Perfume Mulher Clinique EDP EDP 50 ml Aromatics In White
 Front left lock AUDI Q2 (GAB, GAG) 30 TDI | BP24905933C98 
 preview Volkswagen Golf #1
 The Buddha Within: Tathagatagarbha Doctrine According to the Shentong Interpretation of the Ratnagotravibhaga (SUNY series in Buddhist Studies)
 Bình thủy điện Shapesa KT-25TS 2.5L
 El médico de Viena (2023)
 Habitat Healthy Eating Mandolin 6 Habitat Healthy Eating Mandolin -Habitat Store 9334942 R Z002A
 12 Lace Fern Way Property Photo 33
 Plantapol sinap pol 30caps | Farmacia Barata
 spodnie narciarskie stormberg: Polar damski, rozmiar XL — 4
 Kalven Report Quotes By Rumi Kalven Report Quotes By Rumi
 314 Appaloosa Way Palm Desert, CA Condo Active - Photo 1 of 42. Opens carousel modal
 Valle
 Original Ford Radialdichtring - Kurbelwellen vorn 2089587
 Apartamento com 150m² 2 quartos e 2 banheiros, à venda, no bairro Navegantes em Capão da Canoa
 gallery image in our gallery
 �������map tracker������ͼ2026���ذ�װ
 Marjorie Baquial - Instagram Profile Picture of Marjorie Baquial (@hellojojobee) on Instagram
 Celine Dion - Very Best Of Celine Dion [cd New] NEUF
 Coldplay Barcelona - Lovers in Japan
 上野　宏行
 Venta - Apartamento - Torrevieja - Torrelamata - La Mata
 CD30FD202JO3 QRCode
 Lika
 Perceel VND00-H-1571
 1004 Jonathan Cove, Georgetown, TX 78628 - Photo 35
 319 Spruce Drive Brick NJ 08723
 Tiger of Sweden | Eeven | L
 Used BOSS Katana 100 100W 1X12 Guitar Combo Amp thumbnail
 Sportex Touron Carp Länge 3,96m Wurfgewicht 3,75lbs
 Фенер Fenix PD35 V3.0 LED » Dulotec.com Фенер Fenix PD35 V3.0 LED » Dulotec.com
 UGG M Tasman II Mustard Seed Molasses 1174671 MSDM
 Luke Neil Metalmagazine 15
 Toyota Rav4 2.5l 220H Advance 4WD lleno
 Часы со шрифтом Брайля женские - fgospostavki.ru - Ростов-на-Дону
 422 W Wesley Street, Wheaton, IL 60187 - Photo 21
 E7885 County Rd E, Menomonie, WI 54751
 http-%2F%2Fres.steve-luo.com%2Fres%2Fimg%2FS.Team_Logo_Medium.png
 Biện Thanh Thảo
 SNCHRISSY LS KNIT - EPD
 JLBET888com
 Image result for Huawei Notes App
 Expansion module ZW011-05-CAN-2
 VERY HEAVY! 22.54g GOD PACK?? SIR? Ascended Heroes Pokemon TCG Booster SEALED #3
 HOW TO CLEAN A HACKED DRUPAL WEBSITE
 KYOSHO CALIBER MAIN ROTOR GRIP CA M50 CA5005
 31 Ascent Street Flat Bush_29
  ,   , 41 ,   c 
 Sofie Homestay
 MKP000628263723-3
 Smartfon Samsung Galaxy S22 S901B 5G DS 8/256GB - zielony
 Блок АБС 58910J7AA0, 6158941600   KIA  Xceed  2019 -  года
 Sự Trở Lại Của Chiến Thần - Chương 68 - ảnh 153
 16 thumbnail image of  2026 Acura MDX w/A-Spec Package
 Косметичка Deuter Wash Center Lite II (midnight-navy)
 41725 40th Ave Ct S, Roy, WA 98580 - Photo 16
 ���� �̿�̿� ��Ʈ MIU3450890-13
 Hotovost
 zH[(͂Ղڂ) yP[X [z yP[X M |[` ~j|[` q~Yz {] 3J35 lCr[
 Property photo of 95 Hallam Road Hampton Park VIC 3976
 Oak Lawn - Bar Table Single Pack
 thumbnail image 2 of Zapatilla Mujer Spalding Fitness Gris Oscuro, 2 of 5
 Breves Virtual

--------------------------------------------------

§ Required action
From the material above, return every line that contains "Property".

§ Response to the exercise
 12 Lace Fern Way Property Photo 33
 Property photo of 95 Hallam Road Hampton Park VIC 3976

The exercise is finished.